§ **Requirement**
Transcribe these records exactly, dropping every picture.

··· Records for this exercise

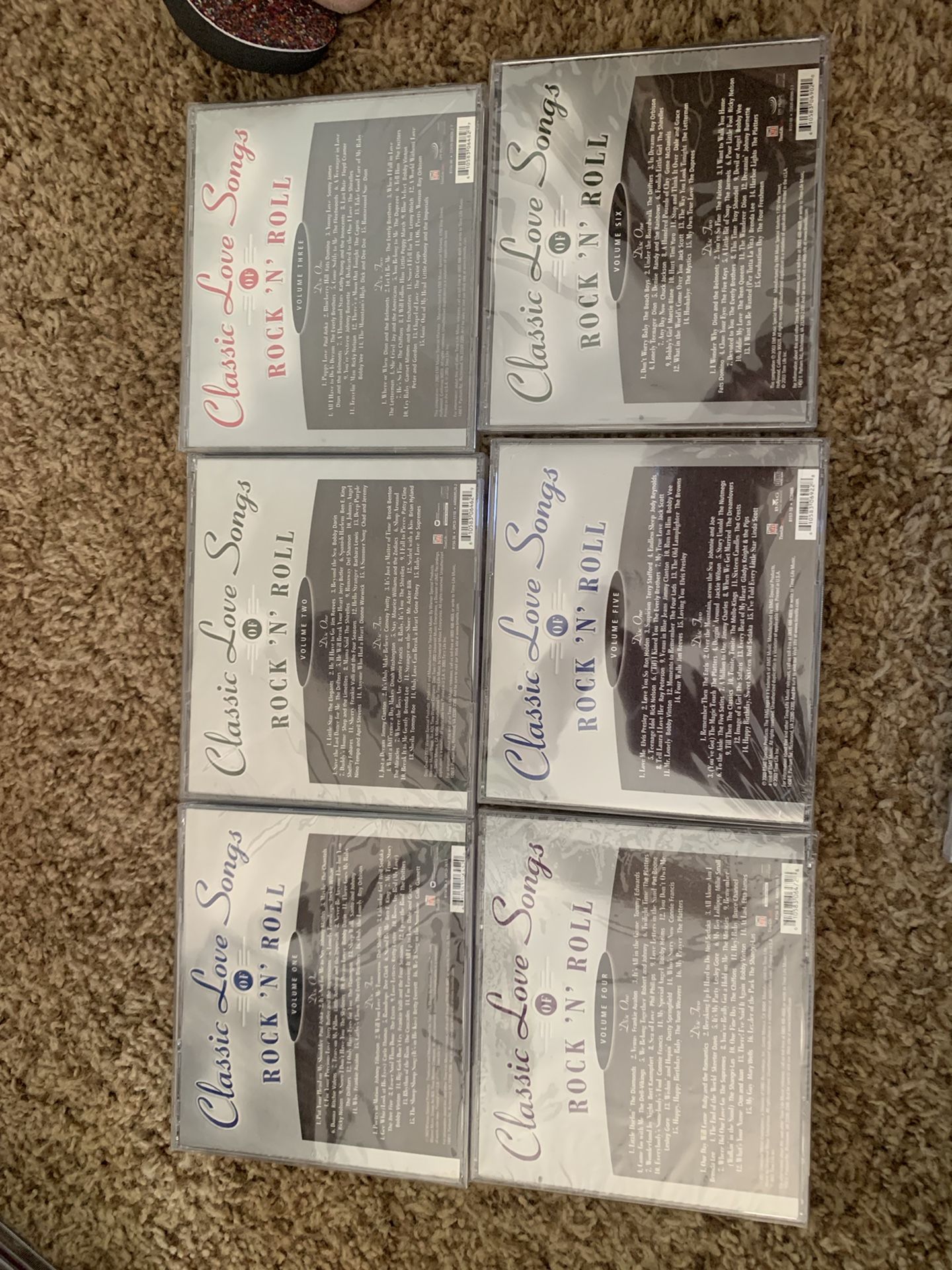 Time Life Music Classic Love songs of Rock 'N' Roll Volumes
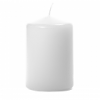 3x4 White Pillar Candles Unscented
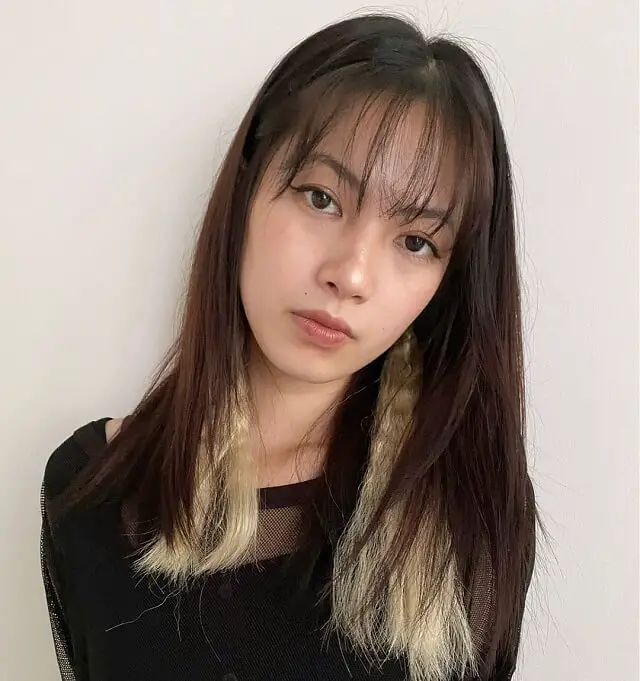 wispy see through bangs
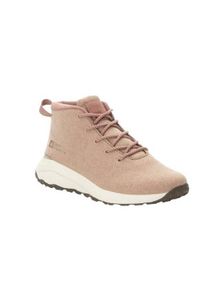 Buty do chodzenia damskie Jack Wolfskin Campfire Mid Wool. Zapięcie: sznurówki. Kolor: beżowy. Materiał: guma, bawełna, tkanina. Szerokość cholewki: normalna. Sport: turystyka piesza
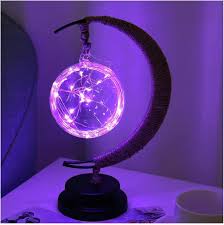 Lampe de lune enchantée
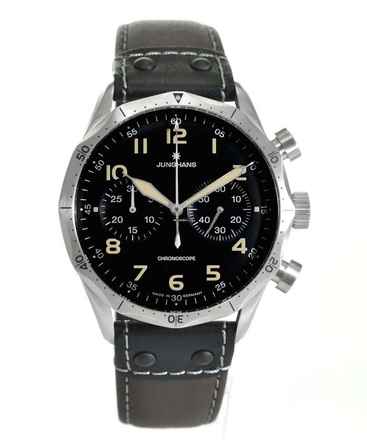  Junghans Meister Pilot Chronoscope Pilot Ref.27/3591.00 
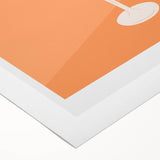 Art deco poster featuring a stylized cocktail glass, in bold black and gold colors on a rolled canvas.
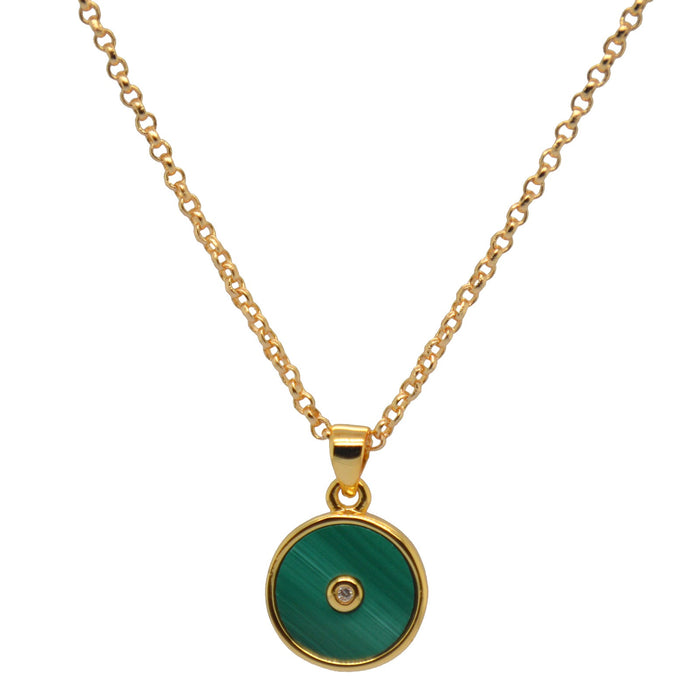 Celestial Malachite Necklace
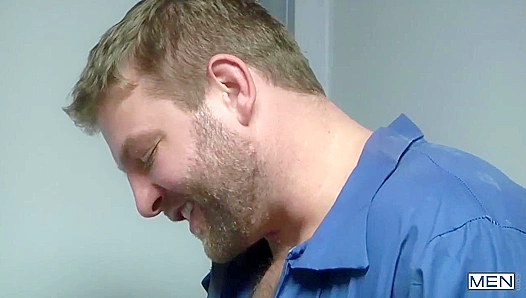 Colby Jansen Brendan Phillips Fuck Hardcore in Steamy Classroom Action – School Room Heat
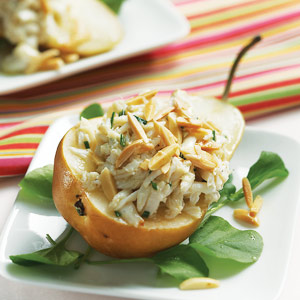 Crab-Stuffed Pears Recipe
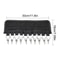 8Clip Hat Organizer Hanging Strap With Velcro Stainless Steel Clips NoDrill Vertical Storage For C 4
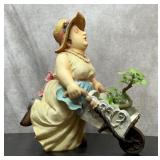 Gardening in pearls yard art 19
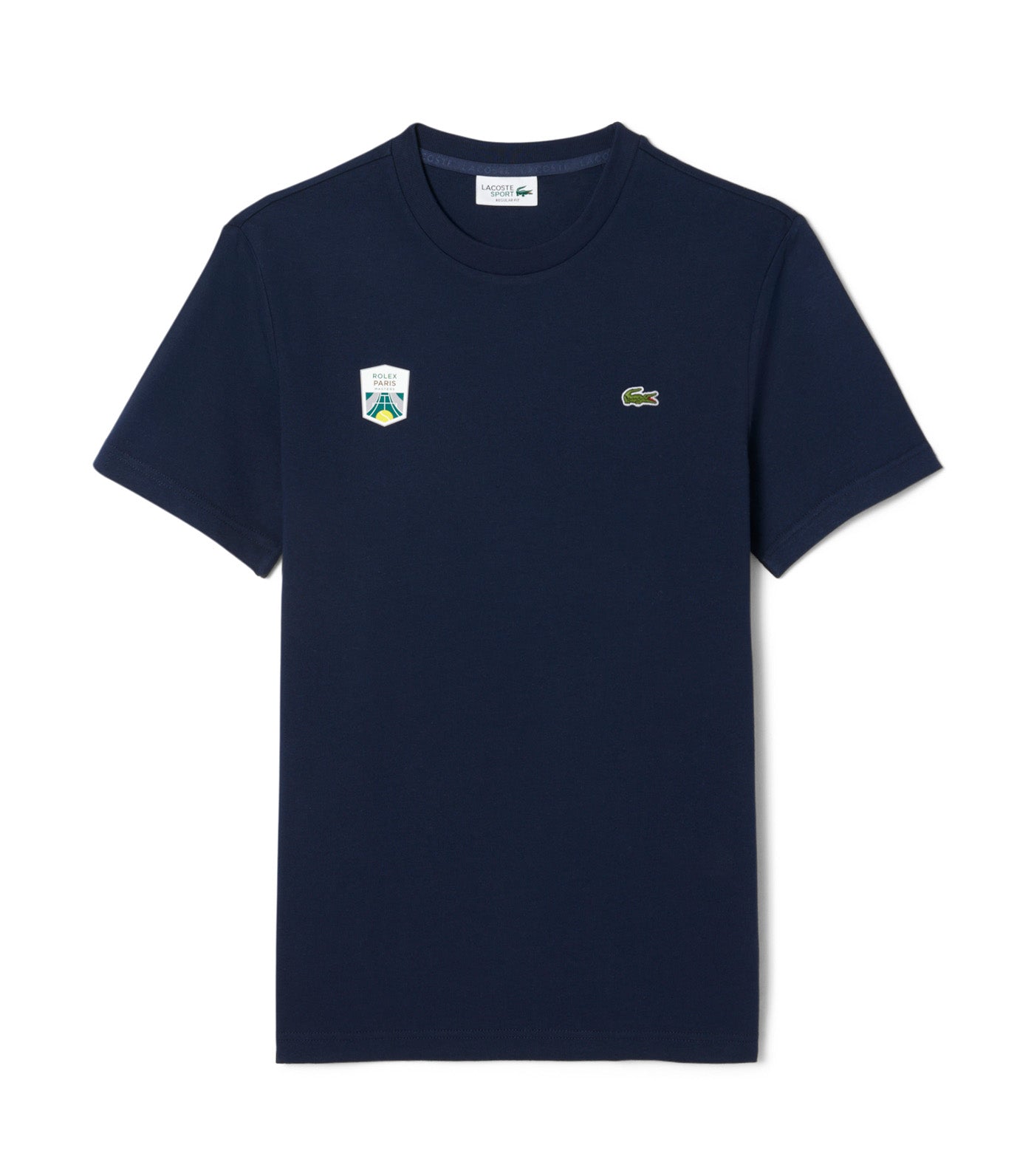 Lacoste Rolex Paris Masters Edition T-Shirt Navy Blue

······

§ **Result**
 Time Life Music Classic Love songs of Rock 'N' Roll Volumes
 3x4 White Pillar Candles Unscented
 wispy see through bangs
 Buty do chodzenia damskie Jack Wolfskin Campfire Mid Wool. Zapięcie: sznurówki. Kolor: beżowy. Materiał: guma, bawełna, tkanina. Szerokość cholewki: normalna. Sport: turystyka piesza
 Lampe de lune enchantée
  Junghans Meister Pilot Chronoscope Pilot Ref.27/3591.00 
 Art deco poster featuring a stylized cocktail glass, in bold black and gold colors on a rolled canvas.
 Celestial Malachite Necklace
 Colby Jansen Brendan Phillips Fuck Hardcore in Steamy Classroom Action – School Room Heat
 Crab-Stuffed Pears Recipe
 8Clip Hat Organizer Hanging Strap With Velcro Stainless Steel Clips NoDrill Vertical Storage For C 4
 Gardening in pearls yard art 19
 Lacoste Rolex Paris Masters Edition T-Shirt Navy Blue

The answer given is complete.